Die entscheidende Umsatzgrenze: CHF 500'000
Art. 957 Abs. 2 OR hält klar fest: Einzelunternehmen und Personengesellschaften, die weniger als CHF 500'000 Umsatzerlös im letzten Geschäftsjahr erzielt haben, sind von der ordentlichen Buchführungspflicht befreit. Sie müssen lediglich über Einnahmen und Ausgaben sowie über die Vermögenslage Buch führen.
Das heisst konkret:
| Umsatz pro Jahr | Pflicht |
|---|---|
| Unter CHF 500'000 | Einfache Buchhaltung (Milchbüchleinrechnung) |
| Über CHF 500'000 | Doppelte Buchhaltung (ordentliche Buchführung) |
Diese Unterscheidung kennen erstaunlich viele Selbständige nicht. Viele denken, sie müssten von Anfang an eine vollständige doppelte Buchhaltung mit Bilanz und Erfolgsrechnung führen. Das stimmt aber nur, wenn du die Umsatzgrenze überschreitest.

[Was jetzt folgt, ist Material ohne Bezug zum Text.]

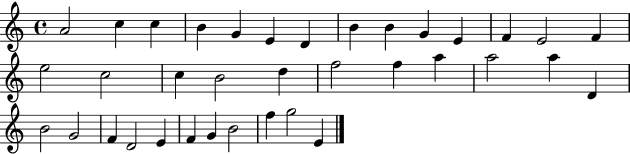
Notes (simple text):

A4/h C5/q C5/q B4/q G4/q E4/q D4/q B4/q B4/q G4/q E4/q F4/q E4/h F4/q E5/h C5/h C5/q B4/h D5/q F5/h F5/q A5/q A5/h A5/q D4/q B4/h G4/h F4/q D4/h E4/q F4/q G4/q B4/h F5/q G5/h E4/q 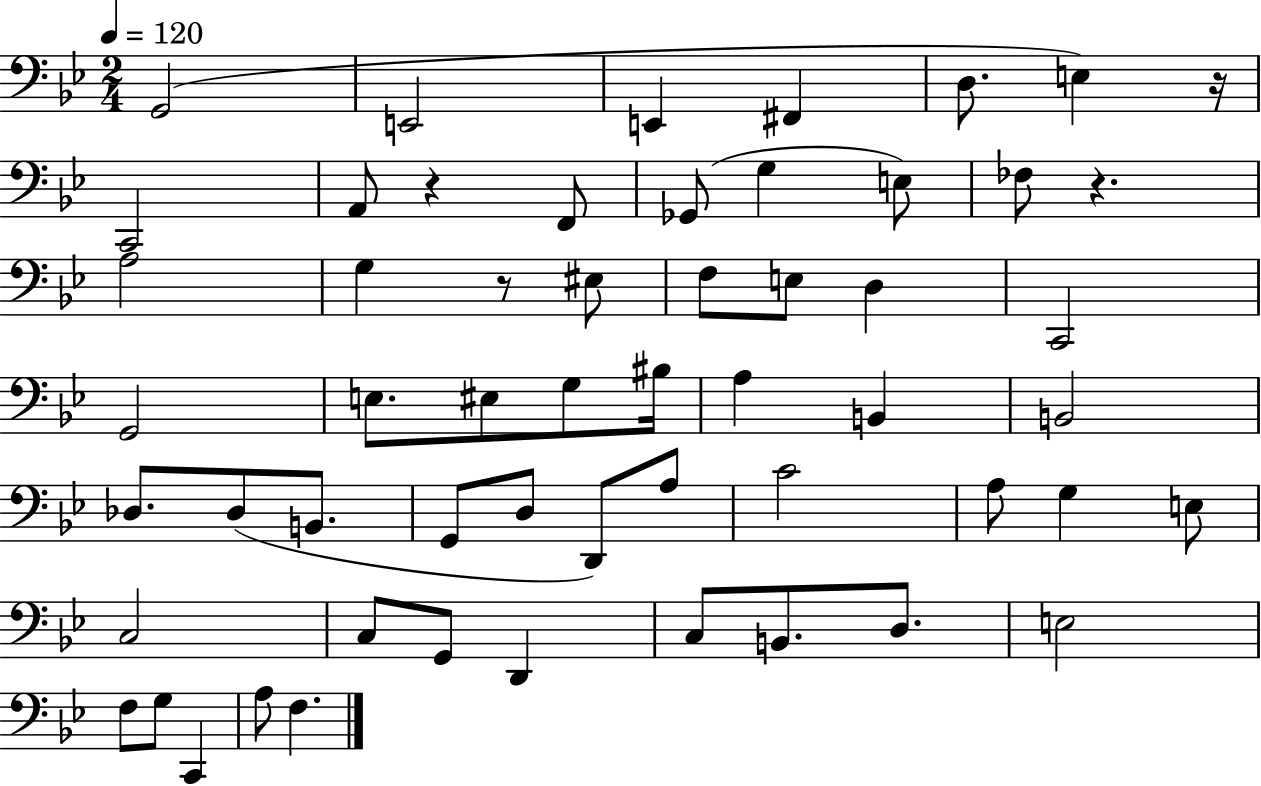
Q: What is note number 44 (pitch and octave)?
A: C3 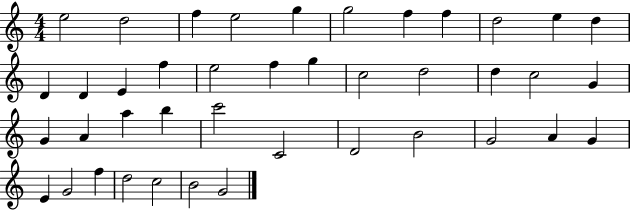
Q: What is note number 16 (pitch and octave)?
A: E5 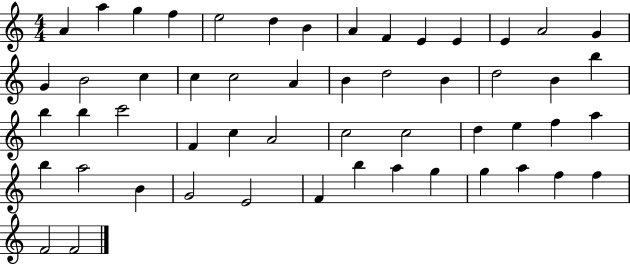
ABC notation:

X:1
T:Untitled
M:4/4
L:1/4
K:C
A a g f e2 d B A F E E E A2 G G B2 c c c2 A B d2 B d2 B b b b c'2 F c A2 c2 c2 d e f a b a2 B G2 E2 F b a g g a f f F2 F2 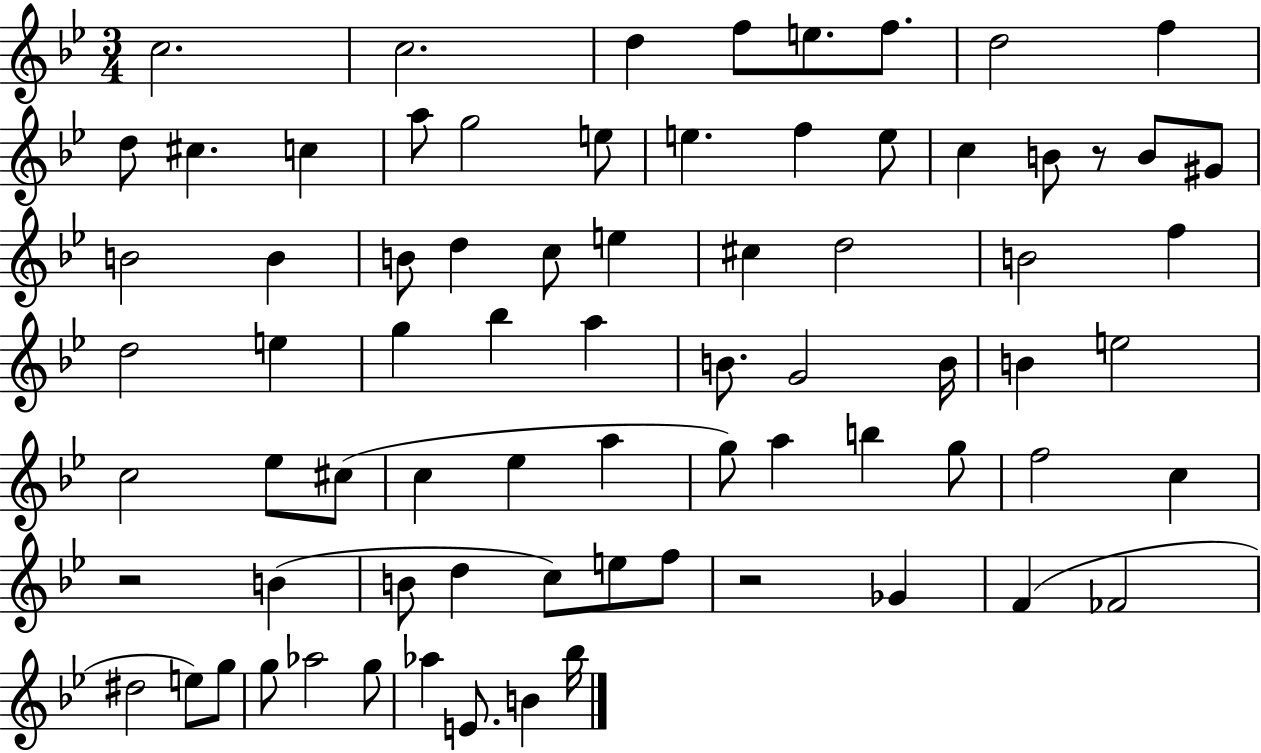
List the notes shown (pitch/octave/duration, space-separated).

C5/h. C5/h. D5/q F5/e E5/e. F5/e. D5/h F5/q D5/e C#5/q. C5/q A5/e G5/h E5/e E5/q. F5/q E5/e C5/q B4/e R/e B4/e G#4/e B4/h B4/q B4/e D5/q C5/e E5/q C#5/q D5/h B4/h F5/q D5/h E5/q G5/q Bb5/q A5/q B4/e. G4/h B4/s B4/q E5/h C5/h Eb5/e C#5/e C5/q Eb5/q A5/q G5/e A5/q B5/q G5/e F5/h C5/q R/h B4/q B4/e D5/q C5/e E5/e F5/e R/h Gb4/q F4/q FES4/h D#5/h E5/e G5/e G5/e Ab5/h G5/e Ab5/q E4/e. B4/q Bb5/s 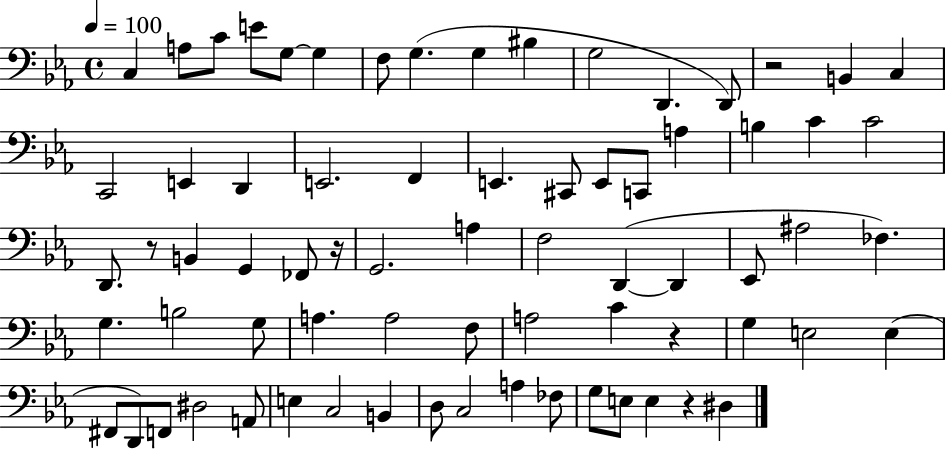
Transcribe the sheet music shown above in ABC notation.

X:1
T:Untitled
M:4/4
L:1/4
K:Eb
C, A,/2 C/2 E/2 G,/2 G, F,/2 G, G, ^B, G,2 D,, D,,/2 z2 B,, C, C,,2 E,, D,, E,,2 F,, E,, ^C,,/2 E,,/2 C,,/2 A, B, C C2 D,,/2 z/2 B,, G,, _F,,/2 z/4 G,,2 A, F,2 D,, D,, _E,,/2 ^A,2 _F, G, B,2 G,/2 A, A,2 F,/2 A,2 C z G, E,2 E, ^F,,/2 D,,/2 F,,/2 ^D,2 A,,/2 E, C,2 B,, D,/2 C,2 A, _F,/2 G,/2 E,/2 E, z ^D,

Wichtig: Massgebend ist der Umsatzerlös — also der gesamte Erlös aus der Geschäftstätigkeit, nicht der Gewinn. Wenn du zum Beispiel CHF 400'000 Umsatz und CHF 80'000 Gewinn machst, fällst du unter die Grenze und darfst die einfache Buchhaltung führen.
Falls du dich erst kürzlich selbständig gemacht hast, findest du in unserem Artikel Einzelfirma gründen Schweiz alles Wichtige zu den ersten Schritten.
Einfache Buchhaltung (Milchbüchleinrechnung) — was genau?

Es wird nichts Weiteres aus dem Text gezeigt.